The importance of sensors in wind turbine O&M
The subject of wind turbine maintenance is becoming increasingly important, especially as growing numbers of turbines are now falling outside of the original manufacturers’ warranties.
Ideally, wind farm operators want to minimise maintenance costs and maximise turbine availability and although these opposing demands can be met, they depend on the continued reliability of all turbine systems.
It can, however, often be the failure of the smallest of components that cause the most downtime, with the failure of electrical and sensor parts causing just as much downtime as the failure of gearboxes or hydraulic systems.
Smaller components important
It is vital that a catalogue of reliable components and practices for the effective maintenance of wind turbines can be established.

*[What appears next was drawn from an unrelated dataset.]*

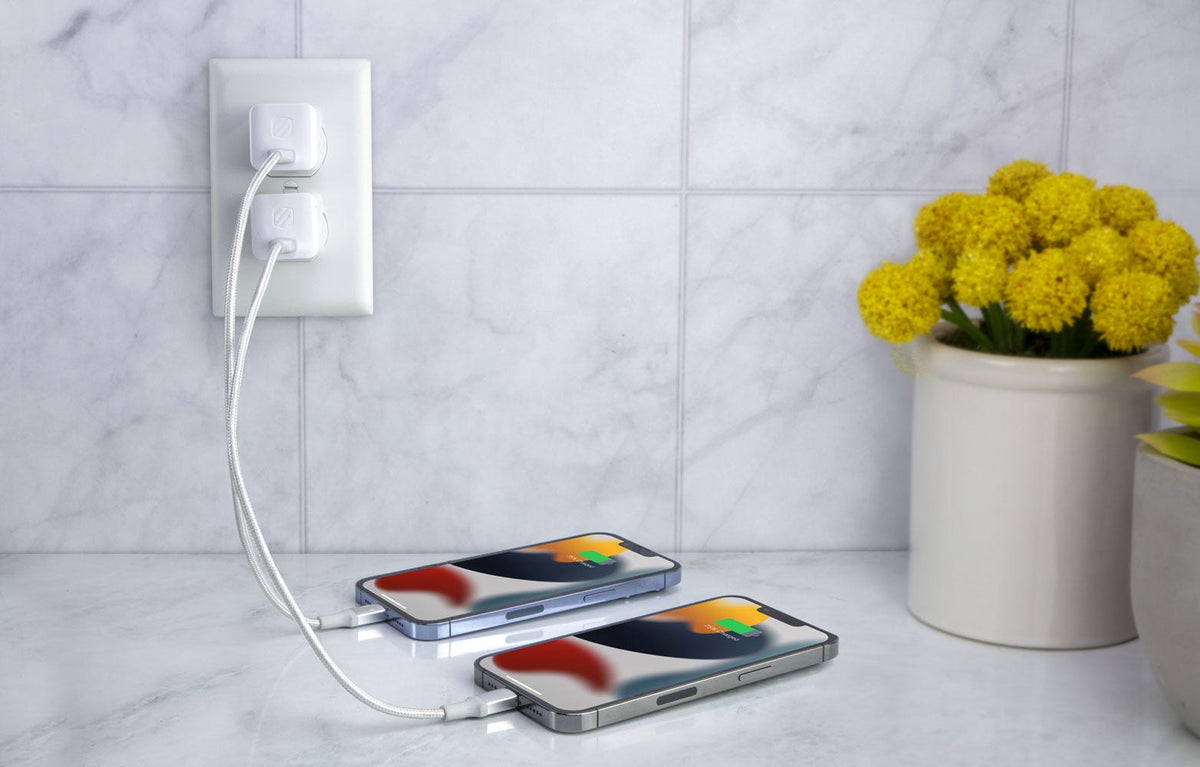 two iphones charging via Scosche wall charger and braided cables on countertop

As with any other engineering industry, the goal for the maintenance of wind turbines is to set in place a series of procedures that will increase efficiency by preventative measures. If components can be introduced that are highly unlikely to cause failures and stoppages, loss of electricity sales can be avoided.
The need to reduce maintenance is especially urgent when you consider the environments in which wind turbines are situated. Accessing a wind turbine nacelle is typically difficult at the best of times but when the location of some wind turbines is taken into account, such as offshore windfarms that cannot even be visited until a repair vessel has been organised, the importance of avoiding unscheduled maintenance and extending times between scheduled maintenance is only too clear.
The best way to sidestep such problems is to specify turbines with devices that ensure reliable function for extended periods under extreme operating conditions from the outset or, where existing turbines are concerned, at the earliest opportunity.
To meet this need, manufacturers are developing pressure switches and transducers that ensure turbines function reliably for extended periods and under extreme operating conditions. Pressure switches and transducers are key components in turbines, being used to monitor and control hydraulic pitch, yaw and braking systems, and failure of a pressure component can potentially cause major damage.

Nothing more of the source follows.